Given information
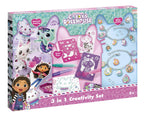 SET 3 IN 1 GABBY'S DOLLHOUSE - BRATARI, CARIOCI DE SUFLAT & PICTURA CU DIAMANTE - TOTUM (TT420366)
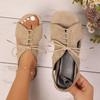 Fashion Cross Lace Up Flat Heel Sandals Women Summer Lightweight Open Toe Casual Sandles Woman 2025 Non Slip Gladiator Sandalias Mujer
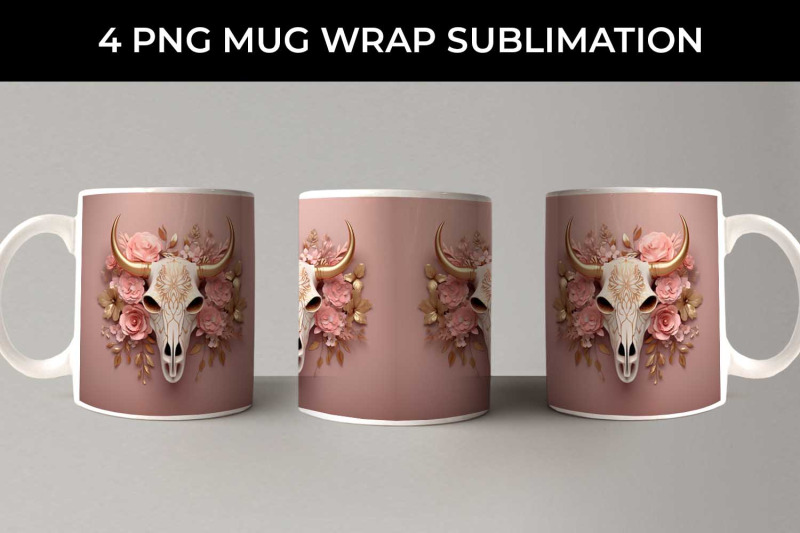 3d-gold-pink-bull-skull-mug-sublimation-png-bundle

What the task asks
Your answer must be an exact copy of the data above, minus its pictures.

Answer section
 SET 3 IN 1 GABBY'S DOLLHOUSE - BRATARI, CARIOCI DE SUFLAT & PICTURA CU DIAMANTE - TOTUM (TT420366)
 Fashion Cross Lace Up Flat Heel Sandals Women Summer Lightweight Open Toe Casual Sandles Woman 2025 Non Slip Gladiator Sandalias Mujer
 3d-gold-pink-bull-skull-mug-sublimation-png-bundle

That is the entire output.